4.3 PLANO DIRETOR: UM MODELO DE DESENVOLVIMENTO RURAL EM

O segundo componente do ProSavana é o Plano Diretor, que, de acordo com os objetivos formalmente expressos, consiste na elaboração de um instrumento de planejamento territorial, com vistas ao desenvolvimento agrícola do Corredor de Nacala, a partir de zoneamentos econômicos e do conceito de conglomerados agrícolas. Em sua origem, tinha como instituições executoras o MINAG representando Moçambique; pelo lado do Japão, a JICA e um consórcio de empresas japonesas de consultoria (Oriental Consultants, NTC International e TaskCo.); e, pelo lado do Brasil, o FGV Agro. O FGV Agro formaliza sua participação no ProSavana a partir de um acordo de cooperação de dois anos com a ABC, que teve início em 2012, com o objetivo de “elaboração de um plano diretor para o desenvolvimento da agricultura que contribua para o desenvolvimento econômico e social através da promoção de investimentos em sistemas produtivos sustentáveis e da redução da pobreza no Corredor de Nacala”. Entre os componentes do ProSavana, o PD é o principal alvo de negociações e disputas entre os vários atores, pois é principalmente nesse instrumento de planejamento que se expressam as visões de desenvolvimento rural para o Corredor de Nacala. É sobre o conteúdo do PD que acontecem as tentativas de diálogo. Não por acaso, até o final de 2015, ainda não havia se chegado a uma versão de consenso entre os atores.

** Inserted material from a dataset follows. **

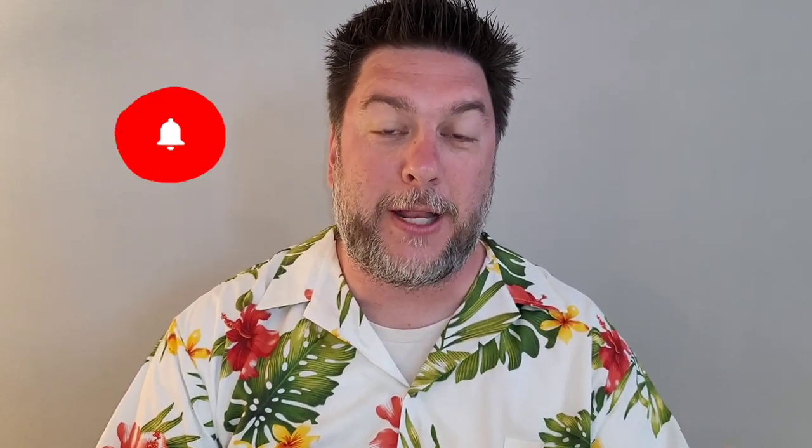This is Jeff with Jeff Reviews For You. My channel is dedicated to reviewing mostly As Seen On TV items. I look at some consumer gadgets, other household items, and once in a while I do a little DIY just because I like to. If that interests you, I would love it if you would subscribe to my channel and click the bell below so you're notified every time I release a video just like this one.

Na perspectiva do governo moçambicano, o PD é um instrumento que se desdobra a partir do PEDSA, que tem como parte de suas estratégias o desenvolvimento de cadeias de valor para os produtos agrários com base em seis corredores, entre eles o Corredor de Nacala. O PD é descrito por gestores do MINAG como uma peça técnica, que detalha o PEDSA no território do Corredor de Nacala e que conta com a consultoria de brasileiros e japoneses, pela experiência acumulada por ambos os países. Defendem, porém, que o protagonismo político na elaboração do plano é do governo moçambicano. Na visão de um dos entrevistados do MINAG, consultores brasileiros e japoneses estariam exercendo um papel estritamente técnico, já que foram os consultores japoneses, sediados em Nampula, que elaboraram as primeiras versões do PD, em diálogo constante com os consultores brasileiros, que vinham a Moçambique apenas em missões esporádicas. As entrevistas revelam que não houve participação nem da Embrapa, nem do IIAM, na elaboração desse instrumento. Pelo lado do Brasil, apenas o FGV Agro participou do processo.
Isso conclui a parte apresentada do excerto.